▸ Material shown

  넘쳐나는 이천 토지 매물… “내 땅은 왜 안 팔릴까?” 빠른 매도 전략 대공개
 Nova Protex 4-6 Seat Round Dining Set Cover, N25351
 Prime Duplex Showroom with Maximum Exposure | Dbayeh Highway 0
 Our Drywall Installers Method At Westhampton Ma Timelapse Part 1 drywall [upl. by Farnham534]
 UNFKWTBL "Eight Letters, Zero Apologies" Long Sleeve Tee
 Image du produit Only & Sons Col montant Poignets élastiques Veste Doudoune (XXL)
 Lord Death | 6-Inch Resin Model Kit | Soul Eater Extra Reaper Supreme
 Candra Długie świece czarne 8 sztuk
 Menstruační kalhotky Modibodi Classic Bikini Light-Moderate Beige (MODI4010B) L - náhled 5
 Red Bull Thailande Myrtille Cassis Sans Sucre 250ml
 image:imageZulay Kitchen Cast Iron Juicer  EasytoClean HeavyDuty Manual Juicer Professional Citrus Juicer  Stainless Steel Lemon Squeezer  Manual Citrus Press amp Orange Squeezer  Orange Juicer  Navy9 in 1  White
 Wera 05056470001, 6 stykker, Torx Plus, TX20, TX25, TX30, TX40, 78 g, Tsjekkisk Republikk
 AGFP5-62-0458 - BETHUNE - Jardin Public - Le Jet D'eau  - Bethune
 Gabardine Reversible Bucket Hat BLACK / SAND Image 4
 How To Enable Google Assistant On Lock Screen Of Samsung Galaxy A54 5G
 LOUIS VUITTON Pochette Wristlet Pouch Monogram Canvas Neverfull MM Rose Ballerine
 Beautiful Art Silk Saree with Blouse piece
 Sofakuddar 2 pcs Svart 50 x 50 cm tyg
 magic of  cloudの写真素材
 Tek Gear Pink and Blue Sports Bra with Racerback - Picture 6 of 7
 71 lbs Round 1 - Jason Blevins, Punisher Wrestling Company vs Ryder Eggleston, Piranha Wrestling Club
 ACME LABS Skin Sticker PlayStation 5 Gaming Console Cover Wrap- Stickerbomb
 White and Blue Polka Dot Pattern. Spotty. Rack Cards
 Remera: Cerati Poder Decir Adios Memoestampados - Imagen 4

▸ Problem details
Where the line containing "White and Blue" appears, begin a word-for-word copy and carry it through the last line of the listing, leaving out all other lines.

▸ Answer space
 White and Blue Polka Dot Pattern. Spotty. Rack Cards
 Remera: Cerati Poder Decir Adios Memoestampados - Imagen 4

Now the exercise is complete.